# Text Generation using Bidirectional LSTM and Doc2Vec models


Text generated using a LSTM ususally  provide a taste of unachievement. Generated sentences seems quite right, whith correct grammar and syntax, as if the neural network was understanding correctly the structure of a sentence. But the whole new text does not have great sense. If it is not complete nosense. 

This problem could come from the approach itself, using only LSTM to generate text word by word. 

In this method will use LTSM network to generate sequences of words. However we try to go further than a classic LSTM neural network and I will use an additional neural network (LSTM again), to select the best phrases.

The approach we use involves the following steps:
 1. **how to train a neural network to generate sentences** (i.e. sequences of words), based on existing speeches. We used a bidirectional LSTM Architecture to perform that.
 2. **how to train a neural network to select the best next sentence for given paragraph** (i.e. a sequence of sentences). We will  use  use a bidirectional LSTM archicture, in addition to a Doc2Vec model of the targeted speeches.

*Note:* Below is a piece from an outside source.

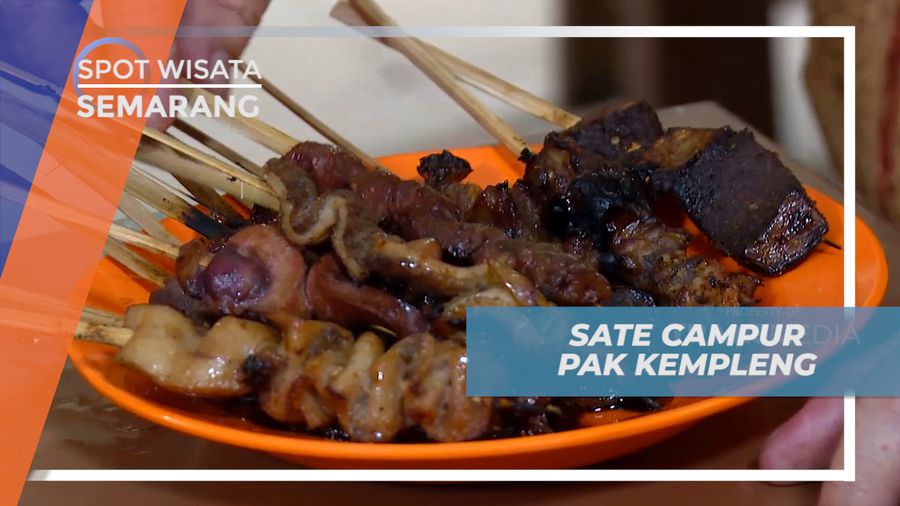 Menikmati Sate yang Menggugah Selera di Pak Kempleng Semarang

## 1. a Neural Network for Generating Sentences

The first step is to generate sentences in the style of a given personality.
LSTM (Long Short Term Memory) are very good for analysing sequences of values and predicting the next values from them. For example, LSTM could be a very good choice if we want to predict the very next point of a given time series.

Talking about sentences and texts ; phrases (sentences) are basically sequences of words. So,we can assume that LSTM could be usefull to generate the next word of a given sentence.


### 1.1.1. Process

In order to do that, first, we build a dictionary containing all words from the novels we want to use.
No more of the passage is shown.